なんでも、新しいサーベルは血を求めるので、未使用のままだと、腰に差している本人が血を流す事になるのだという言い伝えがあるのだそうだ。たかだかそんな迷信の為に切り殺されてしまった中国人の方に、どうやって謝ったらいいのだろうか。

先輩のした事とは言え、バチが当たったのか祖父は55歳でガンを患って死んでしまったが、当時はこんな残酷で信じられないような事がまかりとおっていたのである。

日本は、最終的には何十万人という犠牲者をはらって戦争に負け、そして戦争は終結した。その影には、かなり非道な事をしていた日本人もいた事を忘れてはならない。

従軍慰安婦の問題にしても、話の真髄は分からないが、あながち嘘ではないようにも思う。それだけ酷い事も、当時の日本人にはありえた事だと私は思う。

そして、60年経って戦争体験者もほとんどいなくなったというのに、遺恨だけが残って、やれ靖国問題だ、やれ従軍慰安婦だと、いまだに確執が残ってしまっている。こんな問答をあと何年やっても、誰も幸せにはなれないのは皆分かっているはずなのに・・・・。

ただひとつ言える事は、こんな過ちを、もう二度と犯してはならないのだ。

 

戦争で幸せになった人なんかいないのだ。アメリカのブッシュ大統領はそれが分かっていない。勝ち続けた国だからこそ、いつまでもお祭り気分で、戦争がどれだけ悲惨な事なのか見えないのだろう。

その点から言えば、日本は敗北を経験しているぶん、平和がどれだけ尊いのか気付く事ができたのだ。

これが、例えば日本が戦争に勝っていたら、今の平和は無かっただろう。どんどん欲が出て、今でも他国を攻め続け殺し続け、自分達を神と勘違いしているに違いない。現在A級戦犯と呼ばれている人たちも、英雄と呼ばれていたのだろう。

 

人を殺して、それが「善」になる事など、ぜったいにありえない。

私はまったくの無宗教だが、宗教に熱心な人が戦争を好む事が分からない。宗派どうしの争いなどは、余計に意味が分からない。

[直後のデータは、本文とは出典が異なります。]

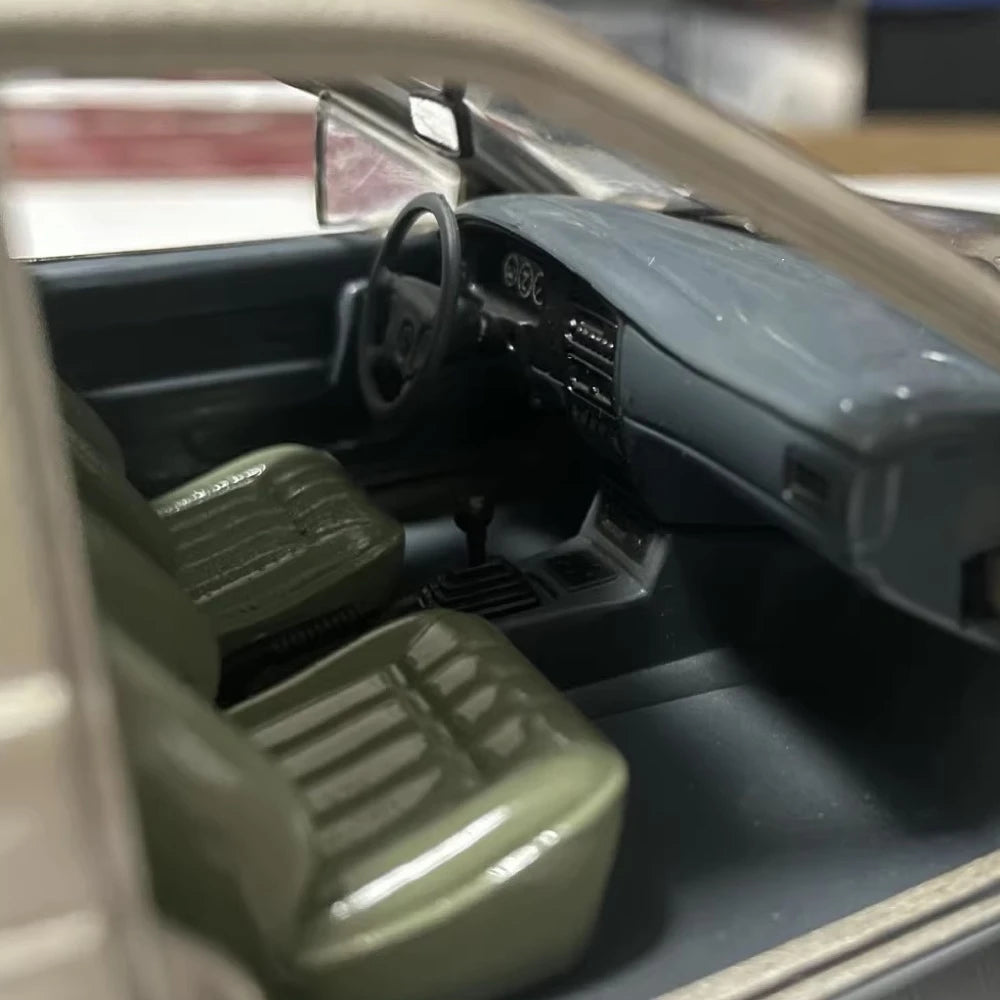 [OEM] 1:24 Volkswagen 1997 Santana 2000 GLS ou voiture miniature Die-Cast
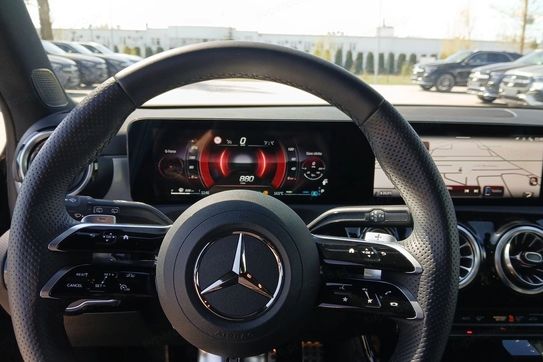 Mercedes Klasa A 200 AMG Line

その宗派の祀り上げられている神様が、人殺しを「善」と説くワケがないと思うのだ。

もし、人殺しを推進する宗教があったとしたら、それは宗教の神様ではなく、テロリストか暴力団の組長と同じ事だと思う今日この頃なのだ。

 

私は母です。命を生み出すことは、本当に尊い事だと身をもって知りました。戦争が好きな男性にも、出産を経験してもらいたいものです。